### What to work on
Look below for the line with "TOMICCA Matte Gel"; begin the copy there and stop after the line with "Ekouaer Nightgowns for", keeping the text exact and the pictures out.

** Opening Available data block **

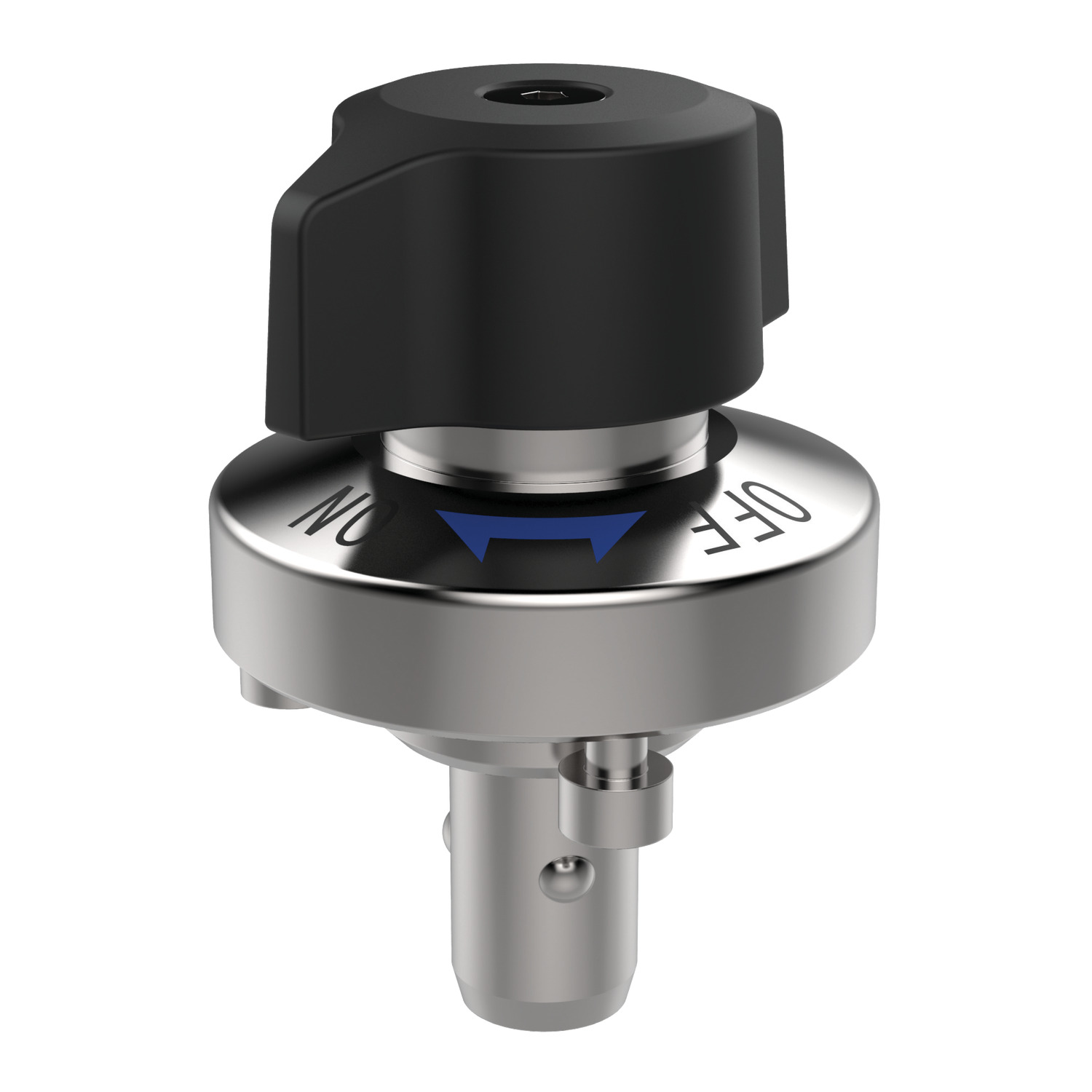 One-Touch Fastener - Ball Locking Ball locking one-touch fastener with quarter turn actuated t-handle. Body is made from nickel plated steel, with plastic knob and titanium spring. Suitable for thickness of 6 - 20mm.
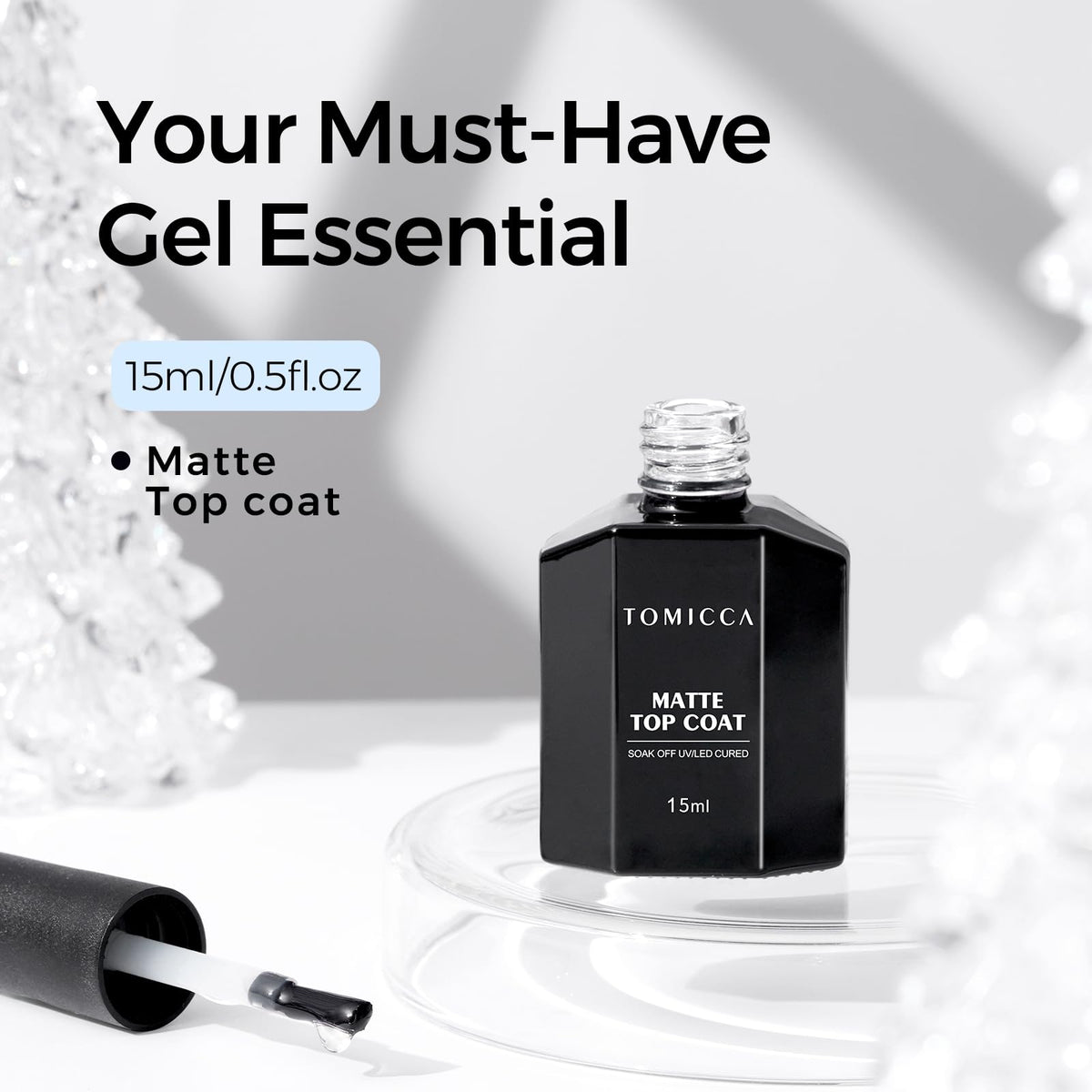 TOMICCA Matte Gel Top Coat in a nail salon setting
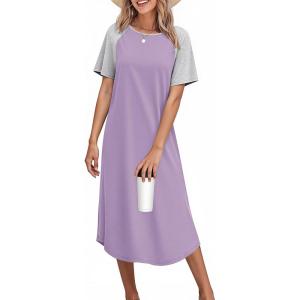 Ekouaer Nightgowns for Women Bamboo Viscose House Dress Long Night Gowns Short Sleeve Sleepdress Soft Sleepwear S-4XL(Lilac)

** Closing Available data block **
** Opening Available data block **

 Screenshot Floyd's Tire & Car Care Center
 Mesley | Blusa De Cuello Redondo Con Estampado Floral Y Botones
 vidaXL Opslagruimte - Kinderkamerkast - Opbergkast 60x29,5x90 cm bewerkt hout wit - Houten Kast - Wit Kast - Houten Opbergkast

** Closing Available data block **
** Opening Available data block **

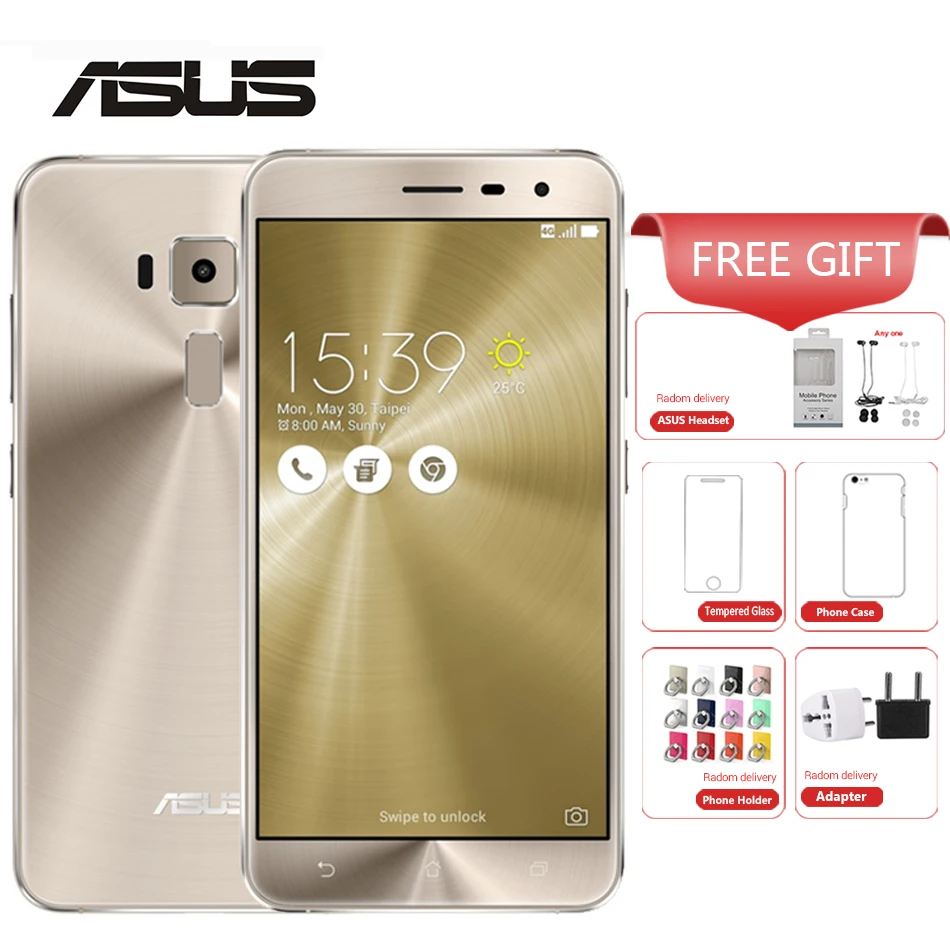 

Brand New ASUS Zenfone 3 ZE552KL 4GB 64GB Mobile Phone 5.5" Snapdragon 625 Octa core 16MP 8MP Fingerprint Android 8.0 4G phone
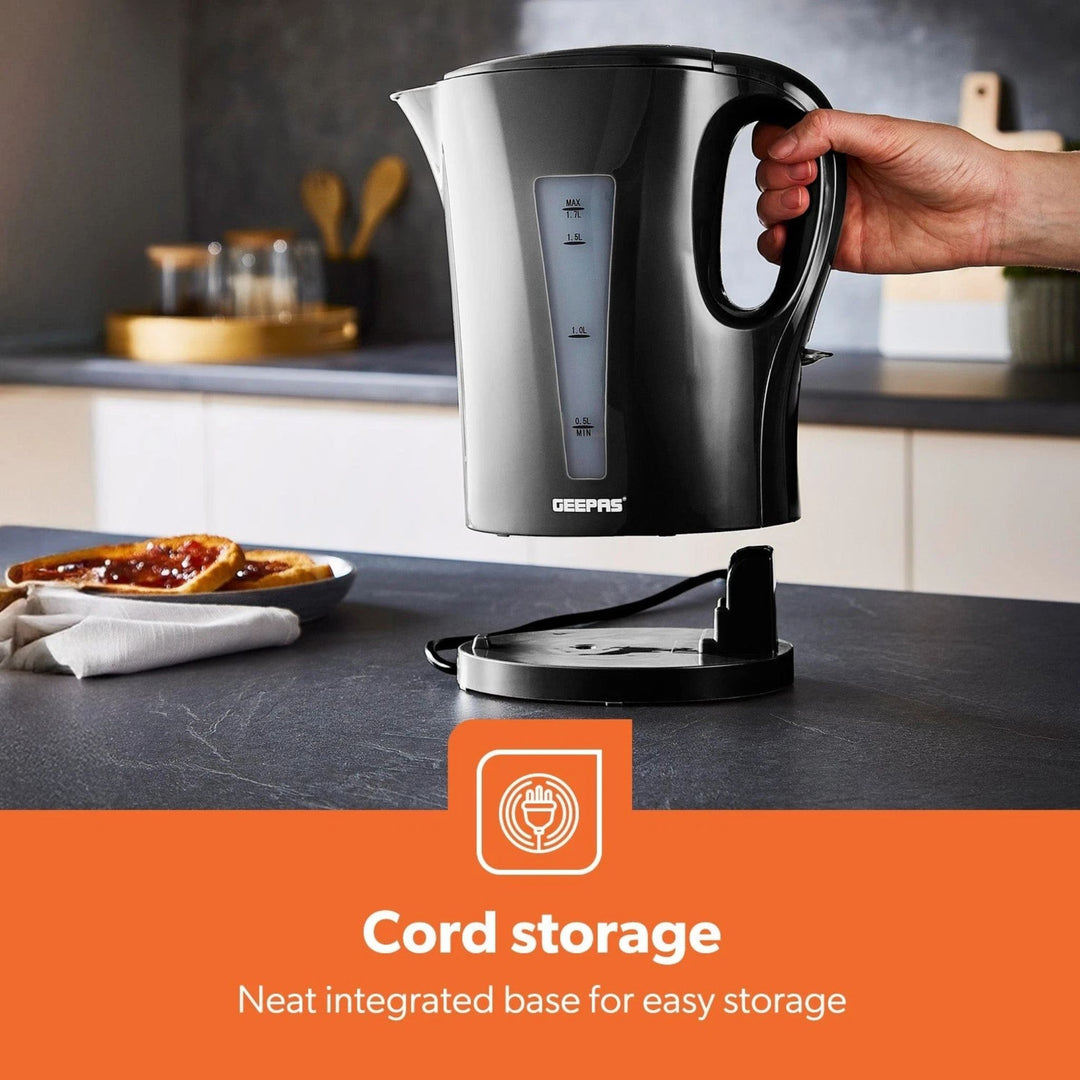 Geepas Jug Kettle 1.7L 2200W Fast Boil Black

** Closing Available data block **

### Problem solution
 TOMICCA Matte Gel Top Coat in a nail salon setting
 Ekouaer Nightgowns for Women Bamboo Viscose House Dress Long Night Gowns Short Sleeve Sleepdress Soft Sleepwear S-4XL(Lilac)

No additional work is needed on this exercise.